INSERT INTO test (a, b, c, d)
VALUES (%s, %s, %s, %s)
"""

with open(filename) as csvfile, get_cursor() as c:

for row in reader:
n = row[0][2:]
values = (row[1], date, n, row[2])
c.execute(sql, values)


This looks like a pretty innocent looking insert function, it takes the file loops over every row and inserts it into the table.

The refactored function looks like:

    def insert_data(filename, date):

sql = """
INSERT INTO test (a, b, c, d)
VALUES %s
"""

with open(filename) as csvfile, get_cursor() as c:
values_list = []

for row in reader:
n = row[0][2:]
values = (row[1], date, n, row[2])
values_list.append(values)

execute_values(c, sql, values_list)


The difference between these two functions is the execute and execute_values. Each time you use execute, psycopg2 does a complete return trip from the database to your computer, so this means it will execute the row INSERT to the database server, and then return. A functionality with Postgres is that you can insert multiple rows at a time, and this is what execute_values does.

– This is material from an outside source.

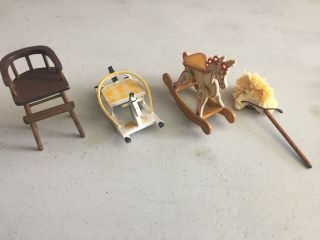Vintage Dollhouse Miniatures Stick & Rocking Horses Wood High Chair Signed Sher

Instead of inserting a single row query, the refactored version creates a query with multiple rows to insert. This reduces the number of round trips to the database server drastically, and results in much faster performance.

## Run times

I ran the two different functions on a small subset of data being 288478 rows, which happens to be 3% of the files I was inserting.

execute code:

    real    0m54.761s
user    0m12.752s
sys     0m4.876s


execute_values code:

    real    0m7.545s
user    0m2.092s
sys     0m0.544s


Well that’s a 700% increase on just a small number of rows. I didn’t bother to compare what the times would be like for the complete dataset, but running the refactored version took about 25 minutes, so the original version would’ve taken hours!

## Lesson learned

Would I have saved time if I had looked more in depth at the docs before writing my code? Most likely. I think lessons like this is what separates senior and junior level programmers, those who are able to grasp the scope of a problem and it’s solutions before they even begin writing code. Meanwhile, the juniors have to take time to write bad code in order to learn.

## Update, another test

So my friend pointed me to another Python package called dataset saying it’s what he uses because he’s a lazy Python user who is allergic to SQL. He also said that Python > SQL, so I decided to prove him wrong, and also because I didn’t believe that another package that uses SQLAlchemy would be faster than just using Psycopg2. (SQLAlchemy is built on Psycopg2)

    db = dataset.connect('postgresql://[email protected]:5432/testdb')
def insert_demand_data(filename, date):
with open(filename) as csvfile:
values_list = []
for row in reader:
n = row[0][2:]
values = dict(node=row[1], date=date, n=n, r=row[2])
values_list.append(values)
table.insert_many(values_list)


And what do you know.

    real    0m53.392s
user    0m17.512s
sys     0m3.112s

testdb=# select count(*) from test ;
count
--------
288478
(1 row)